気まぐれブックレビュー「父よ母よ」

 高校教諭をしている友人から紹介された本です。1994年刊行の本で、当時話題になっていた記憶はあるのですが、今になってようやく、初めて手に取りました。

 紹介してくれた友人が、この著者って、きみの息子くんの学校の先生なんじゃない?と言うので、早速図書館で借りてきて見てみたら、本の扉を開いたところにいきなり、息子が通う高校の生徒と保護者への献辞が。

 この本は、長年高校の国語教師を務めた吉村英夫氏が、授業の中での試みとして、生徒に作らせた、父や母に宛てた一行詩を集めたものです。

 小論文でも感想文でもなく、俳句や短歌ですらない自由形式の短文なので、生徒たちの生の声に近い息づかいが感じられます。

 26年前の本だから、書かれたのはおそらく30年くらい前、今の高校生たちより、むしろ親の世代に近いのだけれど、古さは感じられません。

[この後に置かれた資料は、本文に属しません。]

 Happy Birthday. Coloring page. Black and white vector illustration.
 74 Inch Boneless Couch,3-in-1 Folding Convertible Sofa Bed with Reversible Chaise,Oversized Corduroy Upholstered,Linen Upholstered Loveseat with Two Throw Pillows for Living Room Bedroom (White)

 そりゃ、ネットも携帯もなかったし、固定電話をめぐる話題がしばしば出てくるのには、時代を感じるのだけれど。

「父よ母よ!十五分の電話は長電話とは言わんよ」とか「お父さん!彼氏の電話にヤキモチ焼かんといて。お母さん!電話で私より彼氏としゃべらんといて。ヤキモチ焼くわ」とか。

 息子が高校に通い始めたときにこの本を手に取るのって、なんだか仕組まれていたようなタイミングだなあ、と思いながら、読み進めてゆくと、わが子が自分に宛てて書いたのではないか、と錯覚するくらいに親近感を感じる作品がどんどん出てきて、ケラケラ笑ったり、シュンとしてしまったり。

 言葉使いに微妙な方言が含まれていたり、ローカルな地名や店名が出てくるとなおさら。

「父よ!お酒飲むとわけわからんくなるの、やめてください
 あっ、いつもわけわからんけど」で爆笑して、

「父よ母よ!『あと何年、いっしょにおれるやろ?』なんて言われると、なんだか心にじんとくる」でしんみりして、

「父よ!血がつながっているということが、愛する理由にはなりません」でドキッとして、

「自分を大統領だと思っている父よ!あんたはうちのゴキブリや」でうちのめされ、

「父よ!あんたとは同じ空気を吸いたくないほど嫌いだ」で絶命。

けれど、「父よ母よ!俺は二人が嫌いじゃない。大好きだ。けど愛想悪くてゴメン」で息を吹き返し、

「父よ母よ!出来損ないですが、マジメに生きておりますので、見てやってください」で愛しさがこみ上げ、

「もっと大事にしてあげたいから、私が卒業するまで待っていて下さい。そして、私より先に死なないで。あなたは欠点も多いけど、わたしはあなたなしには生きられないと思っているんだよ」で、一緒に暮らしていてくれてありがとう、と思う。

 なんだかもう、エモーション持って行かれっぱなしでした。本を開いている間、幸せな時間を過ごすことができました。

 この「父よ母よ」をまとめたプリントを、生徒達が持ち帰り、家族に見せたことから、今度は親から子に宛てた「息子よ娘よ」が生まれ、対をなす本が作られています。どちらもオススメ!